As per the earlier guideline of SEBI, it was mandatory to underwrite the entire issue with a minimum 90% subscription. Later on, the revised guideline made it clear that underwriting is not mandatory. The option of underwriting lies with the issuer.
What is the complete underwriting?
Under complete underwriting, the entire issue is underwritten. In this case, either an individual underwriter undertakes the entire issue or clubs or joins hands with others. They then agree to take the risk to an agreed extent.
What is equity underwriting?
Just like debt underwriting, equity underwriting also involves buying of the shares and distributing it to the dealers or buyers directly by the underwriter. In addition, in case of an IPO, the underwriters also help the company in setting up the public offering. This will involve strategies like how much capital to raise, at what share price with how many shares.

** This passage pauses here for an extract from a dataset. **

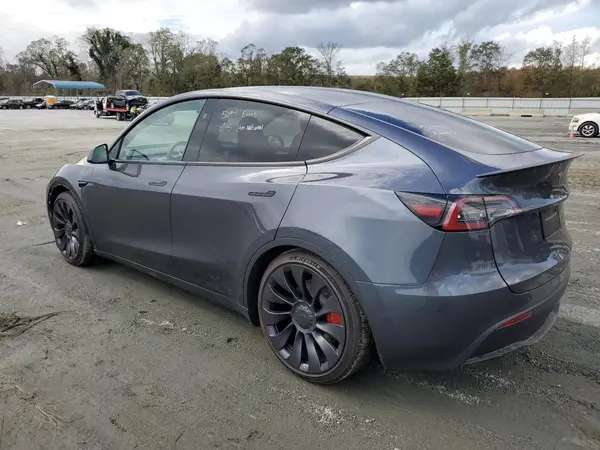 7SAYGDEF3PF944182 2023 TESLA MODEL Y - Image 2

What is debt underwriting?
The underwriter purchases the agreed securities from the issuer with the intention of selling at a profit. They can sell these securities either in the marketplace or to the dealers. In turn, these dealers would distribute these securities to the buyers.
Can an underwriter deny a loan?
Yes, an underwriter can reject your loan application. The rejection can be on grounds of the application, financial documents, credit score, risk factors that he/ she might find unsuitable. Basically, he/ she wants to know whether you can pay back the loan or not i.e. your creditworthiness.